======== Records shown
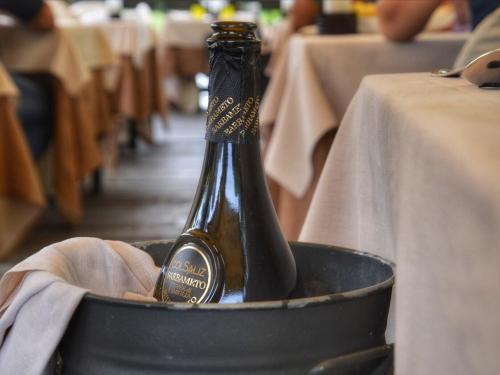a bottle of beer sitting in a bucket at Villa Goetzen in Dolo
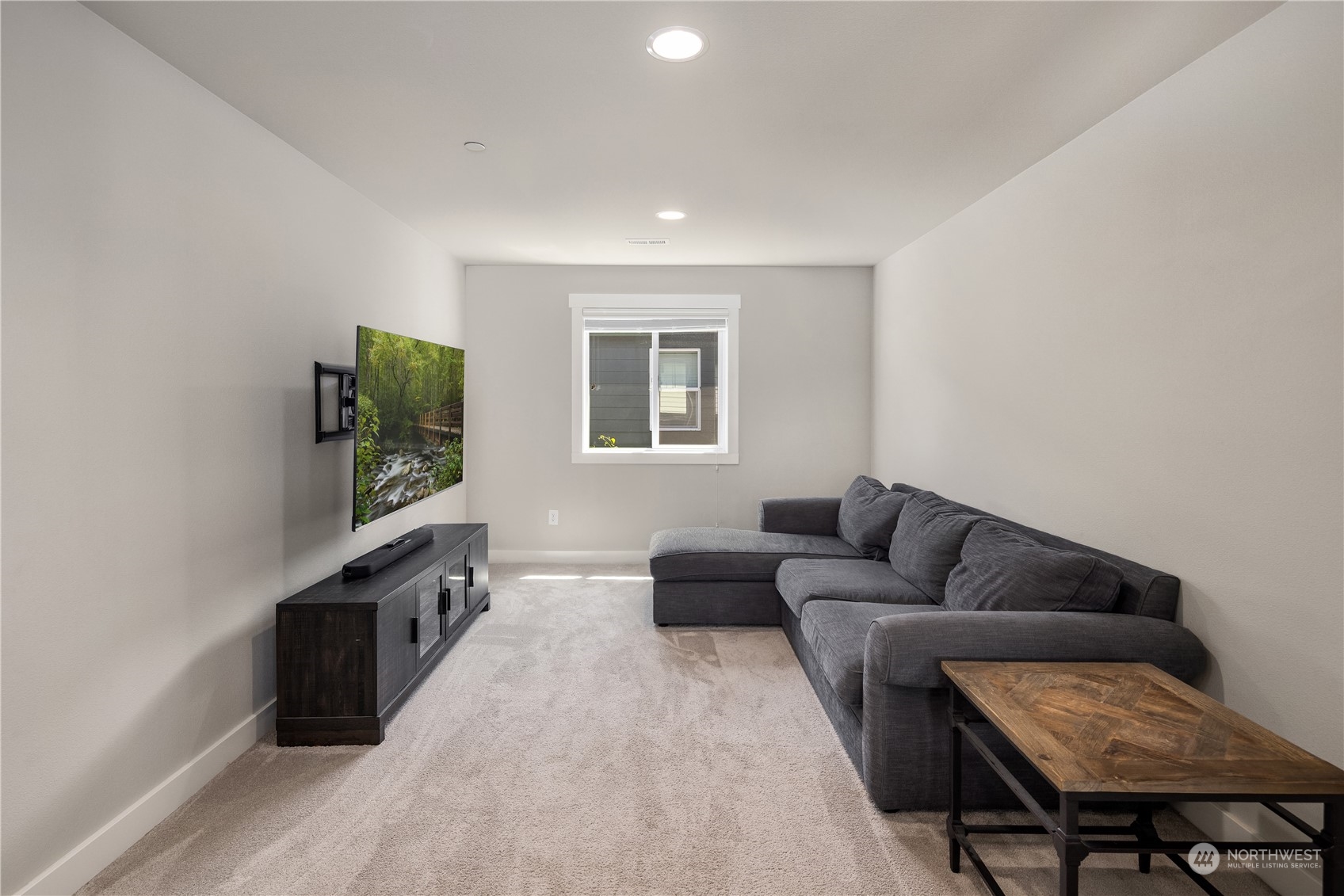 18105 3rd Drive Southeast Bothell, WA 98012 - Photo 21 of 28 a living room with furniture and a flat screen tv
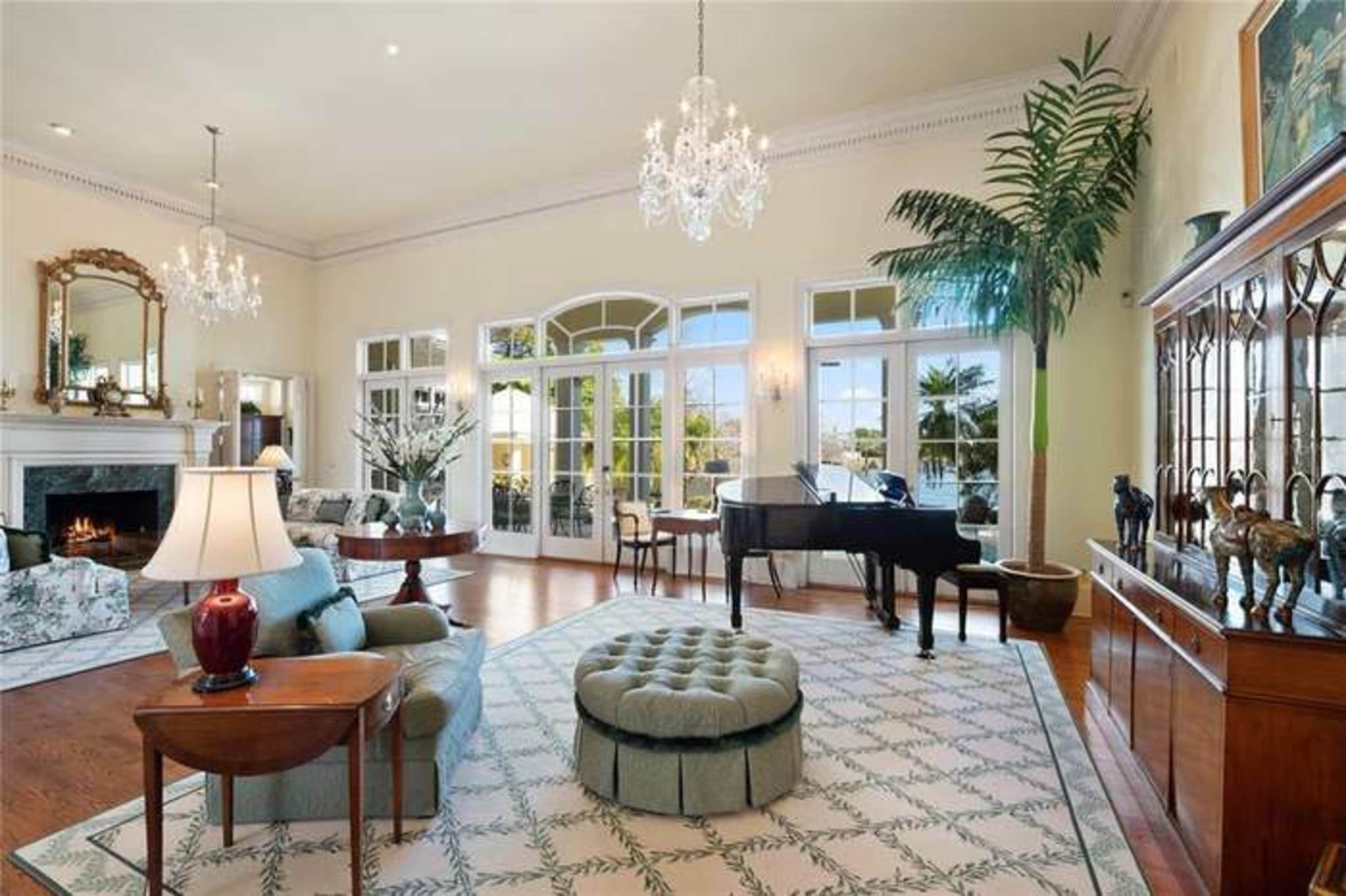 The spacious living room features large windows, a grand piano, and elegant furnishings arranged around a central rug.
================
======== Records shown
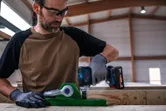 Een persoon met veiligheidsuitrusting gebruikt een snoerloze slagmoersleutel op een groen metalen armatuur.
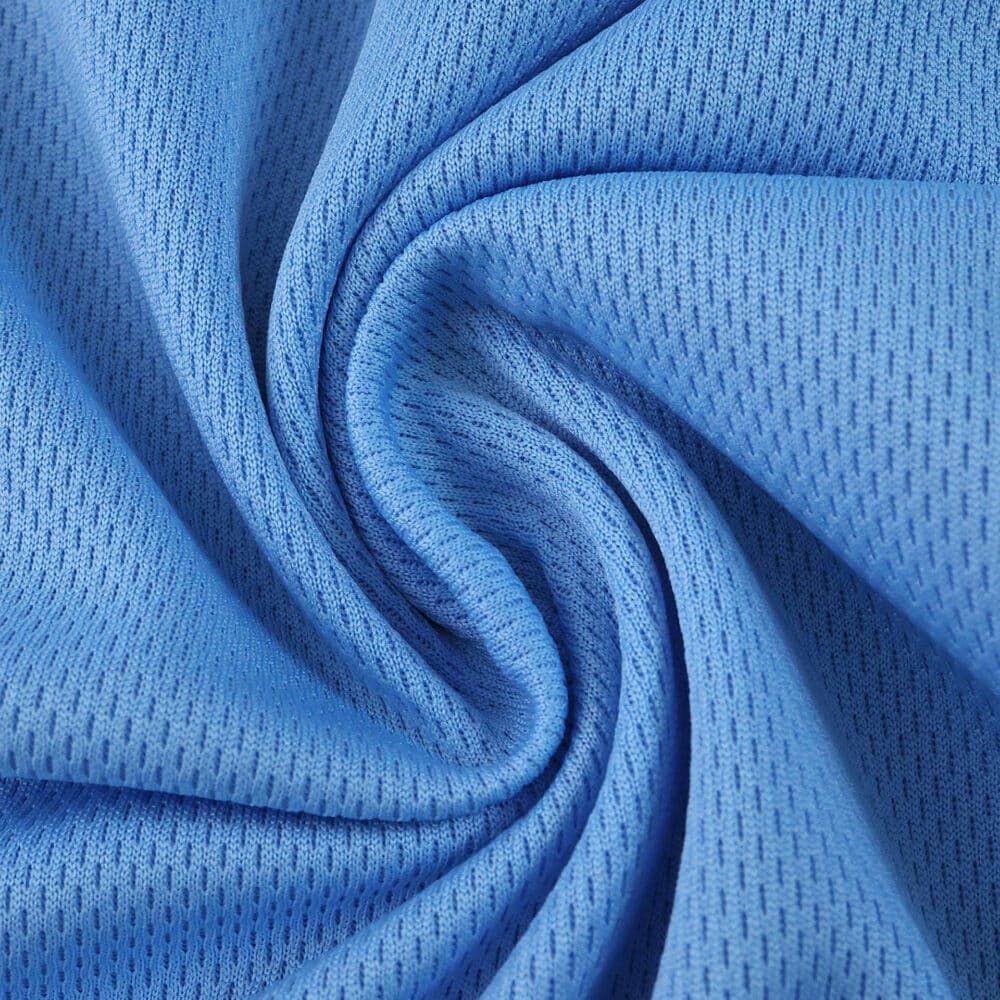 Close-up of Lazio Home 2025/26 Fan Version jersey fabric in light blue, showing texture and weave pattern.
================
Using the data above, retype exactly and only the lines from the one containing "18105 3rd Drive" up to and including the one containing "The spacious living", with no pictures carried over.

 18105 3rd Drive Southeast Bothell, WA 98012 - Photo 21 of 28 a living room with furniture and a flat screen tv
 The spacious living room features large windows, a grand piano, and elegant furnishings arranged around a central rug.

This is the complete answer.